The most serious aspect is a safety issue. The worst part of it is that some AM users now fear for their lives because they live in countries where adultery, same sex encounters or the specific fantasies they have ticked are illegal and punishable by imprisonment, torture or death. Although it hasn’t been confirmed by mainstream news (and will it?), Saudi Arabia may already be combing through the data seeking people to arrest. There is also the risk of suicide for a proportion of the users. Harassers such as GamerGate are already cross-linking the database with their targets to help step up their harassment.

Onto AM’s member base. Although AM markets itself as a website for affairs, it asks users to select from one of the following:

  1. Attached Male seeking Females
  2. Attached Female seeking Males
  3. Single Male seeking Females
  4. Single Female seeking Males
  5. Male seeking Males
  6. Female seeking Females

There will also be people simply looking for hookups in AM’s database.

There will be people who are pretending to be attached for whatever reasons. I guess like the cliched single hetero man who slips on a wedding ring thinking this will increase his chances.

There will be non-monogamous people using the website with their partners’ consent. Largely because of the stigma attached to non-monogamy and the anonymity AM was supposed to provide would be some barrier against these people losing families, jobs, custody of children etc if they were “found out”.

There will be people using AM who cannot date openly. For example, countries where they are not expected to date at all.

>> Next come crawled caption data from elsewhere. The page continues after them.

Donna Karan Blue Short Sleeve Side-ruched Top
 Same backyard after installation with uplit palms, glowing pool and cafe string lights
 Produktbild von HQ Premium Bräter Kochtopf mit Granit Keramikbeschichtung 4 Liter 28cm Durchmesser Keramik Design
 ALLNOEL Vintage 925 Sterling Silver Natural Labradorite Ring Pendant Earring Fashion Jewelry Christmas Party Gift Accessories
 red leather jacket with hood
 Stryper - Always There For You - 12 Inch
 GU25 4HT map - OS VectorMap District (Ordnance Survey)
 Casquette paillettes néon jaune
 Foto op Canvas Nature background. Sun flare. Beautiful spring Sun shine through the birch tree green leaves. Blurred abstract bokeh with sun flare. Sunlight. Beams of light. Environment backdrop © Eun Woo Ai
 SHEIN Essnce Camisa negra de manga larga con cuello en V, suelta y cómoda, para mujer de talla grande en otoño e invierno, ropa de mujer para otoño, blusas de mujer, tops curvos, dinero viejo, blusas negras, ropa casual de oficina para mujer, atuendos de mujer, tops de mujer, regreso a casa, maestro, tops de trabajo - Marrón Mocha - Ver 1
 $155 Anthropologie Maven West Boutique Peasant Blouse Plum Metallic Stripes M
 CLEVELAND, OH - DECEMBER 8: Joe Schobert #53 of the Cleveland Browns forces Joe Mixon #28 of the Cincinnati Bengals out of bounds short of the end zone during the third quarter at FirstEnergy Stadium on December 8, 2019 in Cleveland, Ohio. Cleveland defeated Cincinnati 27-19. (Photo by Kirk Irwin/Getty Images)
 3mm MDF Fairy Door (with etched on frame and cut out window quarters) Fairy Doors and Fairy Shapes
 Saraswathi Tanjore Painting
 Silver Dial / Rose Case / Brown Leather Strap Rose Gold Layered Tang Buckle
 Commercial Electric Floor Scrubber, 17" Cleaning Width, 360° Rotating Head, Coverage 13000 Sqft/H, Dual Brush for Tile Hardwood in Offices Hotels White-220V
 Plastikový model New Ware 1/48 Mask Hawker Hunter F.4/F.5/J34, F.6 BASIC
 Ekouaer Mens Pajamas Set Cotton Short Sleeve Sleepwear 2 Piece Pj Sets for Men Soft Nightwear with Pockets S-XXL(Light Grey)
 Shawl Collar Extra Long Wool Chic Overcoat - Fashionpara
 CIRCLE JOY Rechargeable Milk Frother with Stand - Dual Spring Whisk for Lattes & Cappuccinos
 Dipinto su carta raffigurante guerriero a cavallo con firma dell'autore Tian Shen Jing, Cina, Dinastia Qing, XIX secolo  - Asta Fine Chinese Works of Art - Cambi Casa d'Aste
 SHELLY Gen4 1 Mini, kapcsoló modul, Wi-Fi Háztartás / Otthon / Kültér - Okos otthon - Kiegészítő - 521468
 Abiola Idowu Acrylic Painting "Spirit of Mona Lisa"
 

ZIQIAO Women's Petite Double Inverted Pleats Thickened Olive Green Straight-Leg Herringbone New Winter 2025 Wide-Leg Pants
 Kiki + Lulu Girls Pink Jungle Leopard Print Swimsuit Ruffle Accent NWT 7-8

It’s also important to remember that even in monogamous relationships, not all secret extra-marital affairs are unethical. Not all relationships are equal. There are abusive relationships, where I hope readers don’t think the victim owes their abuser some monogamous loyalty. Abuse is not an either-or but a scale. As Dan Savage aptly quotes here, “the victim of an affair is not always the victim of the marriage.”

There will be people who wanted to cheat but hadn’t actually done it. Which is probably a lot since the AM business model essentially is a scam.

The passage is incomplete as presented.